Vous l’avez compris, la recette du jour est à réserver aux experts. Il m’a fallu beaucoup de courage et de patience pour en déjouer les pièges mais grâce au concours de ma bien-aimée, veni, vidi, vici.
Commencez par réunir les ingrédients : de la chair à saucisse, du chou et du chou chinois coupés en fines tranches, des nira (mon dictionnaire définit la chose comme un « ail odorant » cousin du poireau) qui auront subi le même sort, du gingembre, du sel, du poivre, de l’huile de sésame, et de la pâte à gyoza (bonne chance pour en trouver en France, mais je suppose que de la pâte à lasagne fraîche peut faire l’affaire). Flanquez brutalement le tout dans un saladier en poussant un rire satanique. Je précise que les émotions fortes demeurent une composante essentielle de ce plat.
Si vos mains sont couvertes de verrues purulentes, faites appel à quelqu’un qui vient de se laver les mains ou bien risquez vous à la confection de gyoza surprise, une autre recette que je déconseille.
Plongez vos mimines éclatantes de propreté dans le récipient et malaxez comme un forcené. Les spécialistes recommandent plusieurs méthodes de malaxage, mais se mettent d’accord sur un point : bougez vos doigts comme un système digestif de bovin agirait sur de la nourriture, réfléchissez comme un estomac.
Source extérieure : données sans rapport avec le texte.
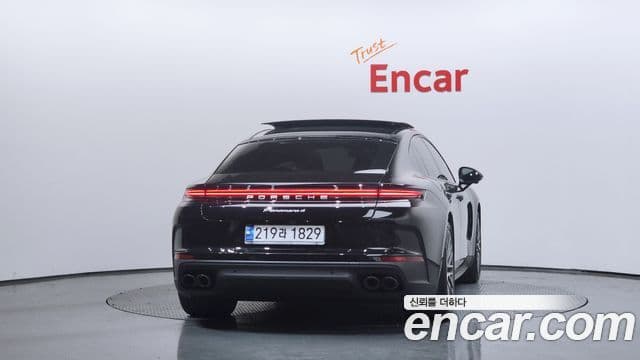 Porsche Panamera (976) 4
Evitez toute pensée liée aux larves d’insectes et aux vers (sauf dans le cas des gyoza surprise).
Apres de longues minutes de massage, vous devriez obtenir une espèce de blob moucheté de verdure.
Munissez vous ensuite d’un petit verre d’eau. A l’aide d’une cuillère à café, piochez une petite boule de farce et placez la au centre d’une tranche de pâte circulaire. Trempez votre index dans le verre et humidifiez légèrement la moitié de la périphérie. Refermez l’ouvrage tout en pliant un côté sur lui-même à intervalles réguliers (tous les centimètres à peu près, de façon tellement inexplicable qu’un coup d’œil à cette photo s’avère indispensable.
Voila, il ne vous reste plus qu’à les cuire (voir ici).
Note : les gyoza surprise peuvent, quant à elle se déguster crues. Ougl décline par ailleurs toute responsabilité quant à d’éventuels problèmes gastriques liés à l’ingestion de ces dernières.